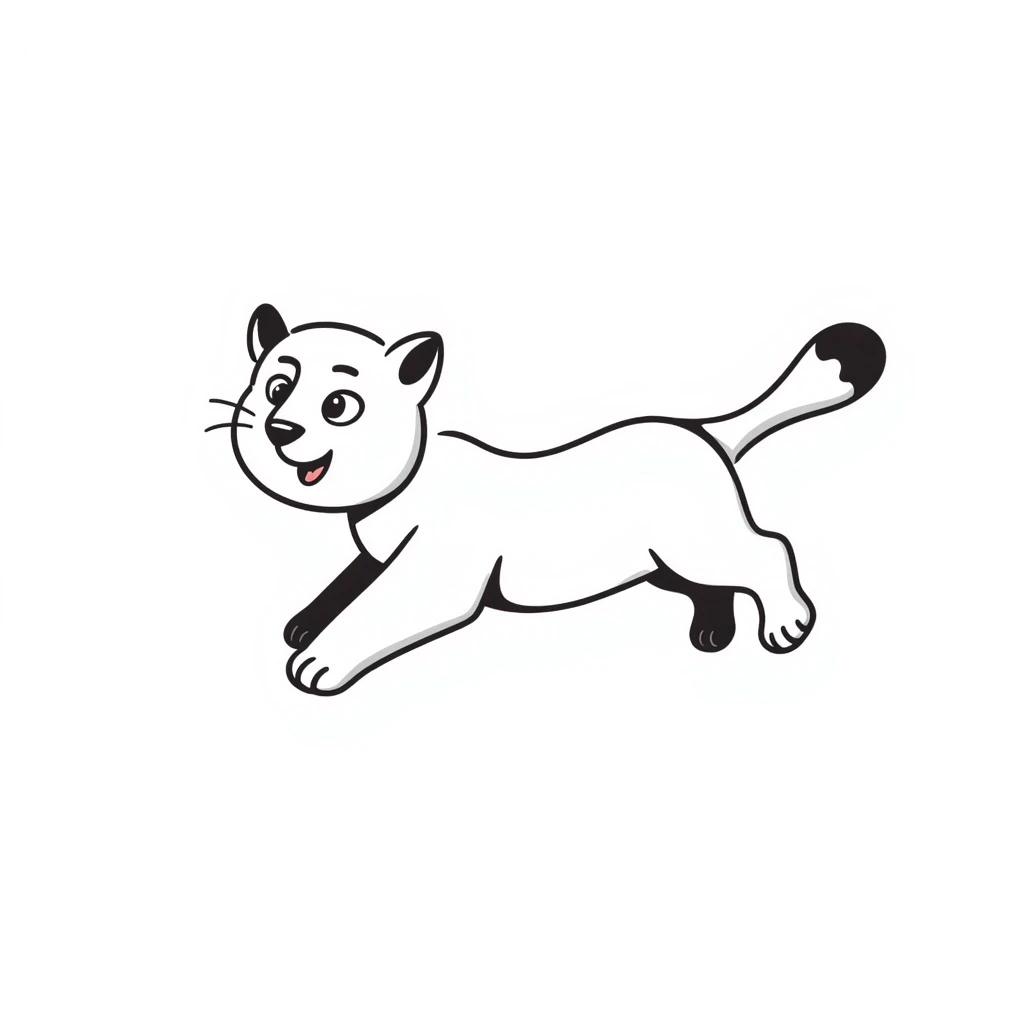 Mountain lion emoji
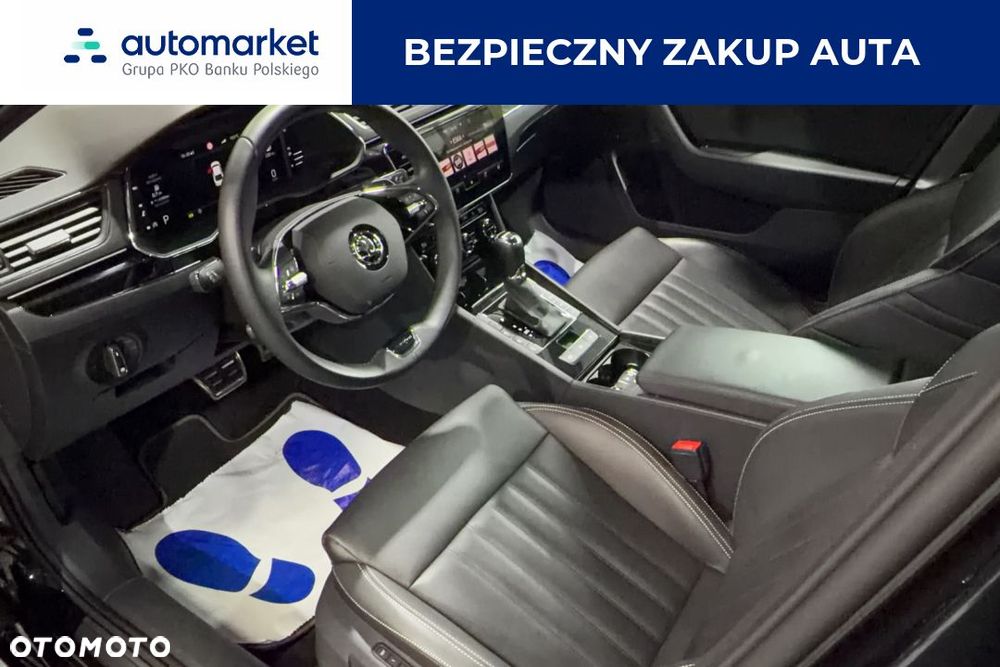 Skoda Superb 2.0 TDI SCR 4x4 L&K DSG - 12
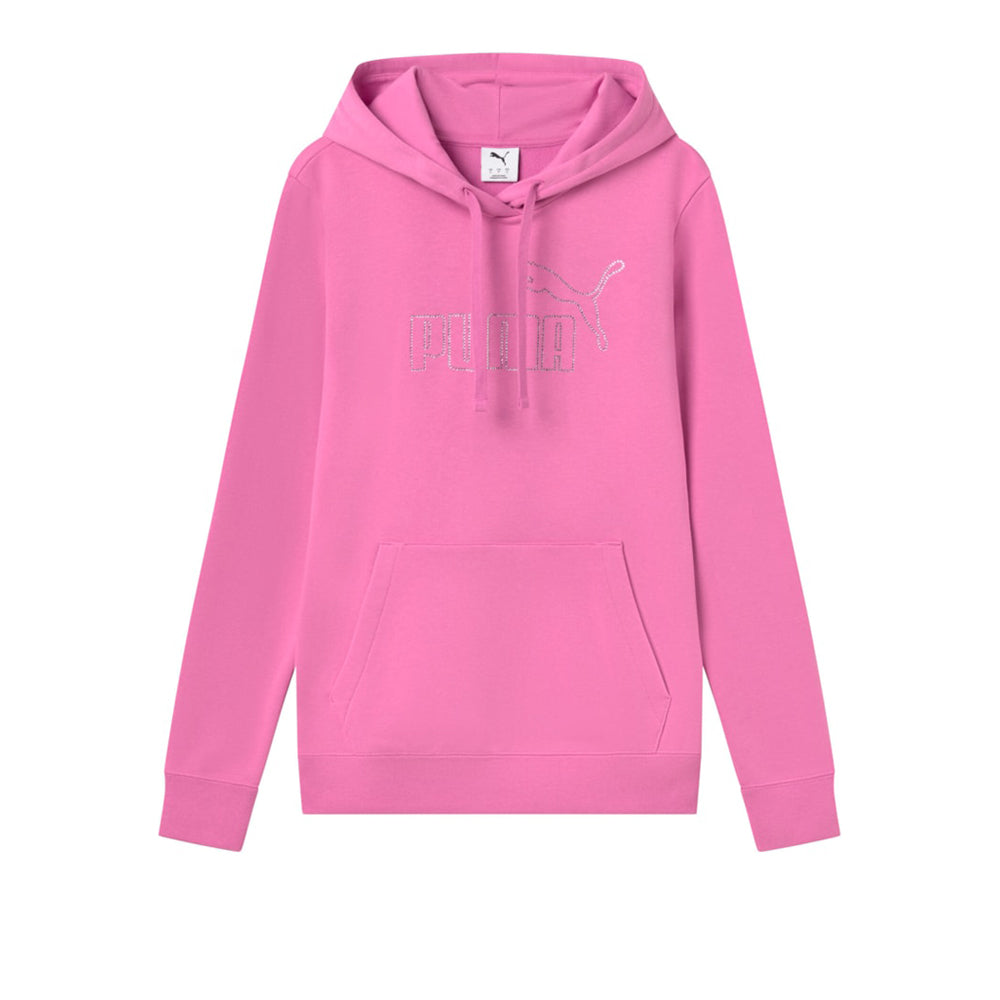 Felpa Puma Donna - Rosa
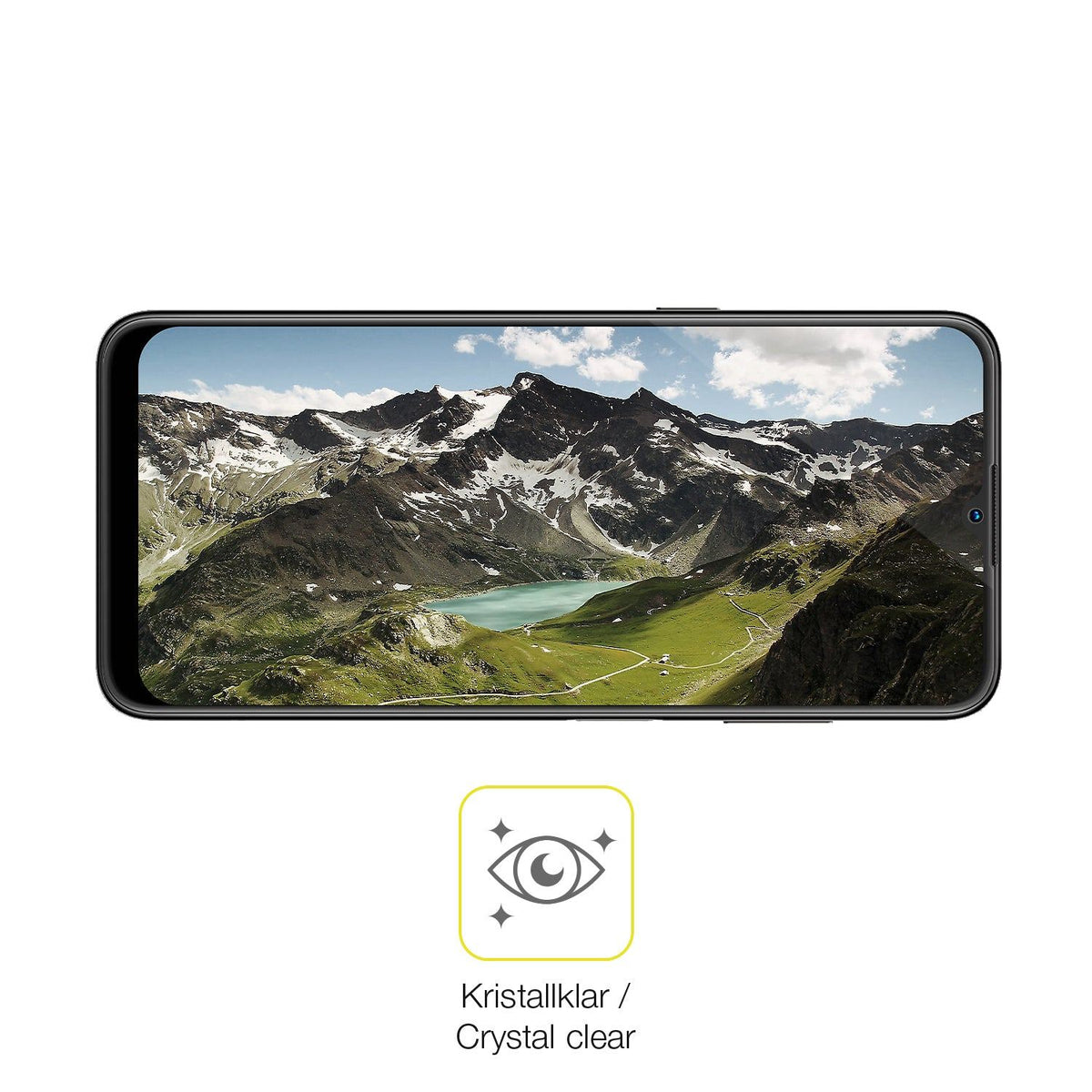 2x 3D Full Cover Schutzfolie für Nokia G21
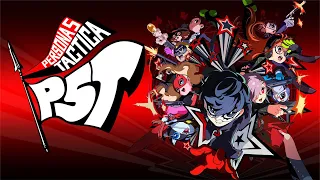 Persona 5 Tactica - Первый взгляд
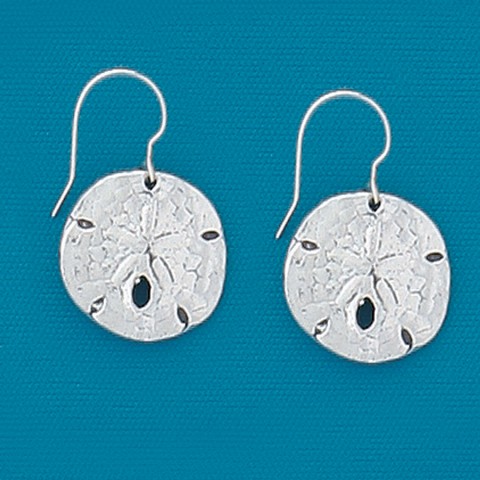 Med. Sanddollar Earrings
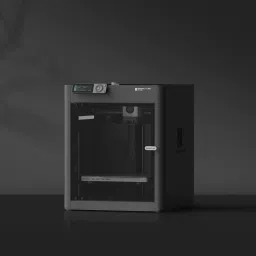 wol3d Bambu Lab P1S High-Speed FDM | Enclosed Design | Auto-Bed Leveling 3D Printer image 3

PROBLEM DESCRIPTION: Restate, word for word, each line from the line containing "2x 3D Full Cover Schutzfolie für Nokia G21" through the end of the entries above; the pictures are not part of the copy.

ANSWER AREA:
 2x 3D Full Cover Schutzfolie für Nokia G21
 Persona 5 Tactica - Первый взгляд
 Med. Sanddollar Earrings
 wol3d Bambu Lab P1S High-Speed FDM | Enclosed Design | Auto-Bed Leveling 3D Printer image 3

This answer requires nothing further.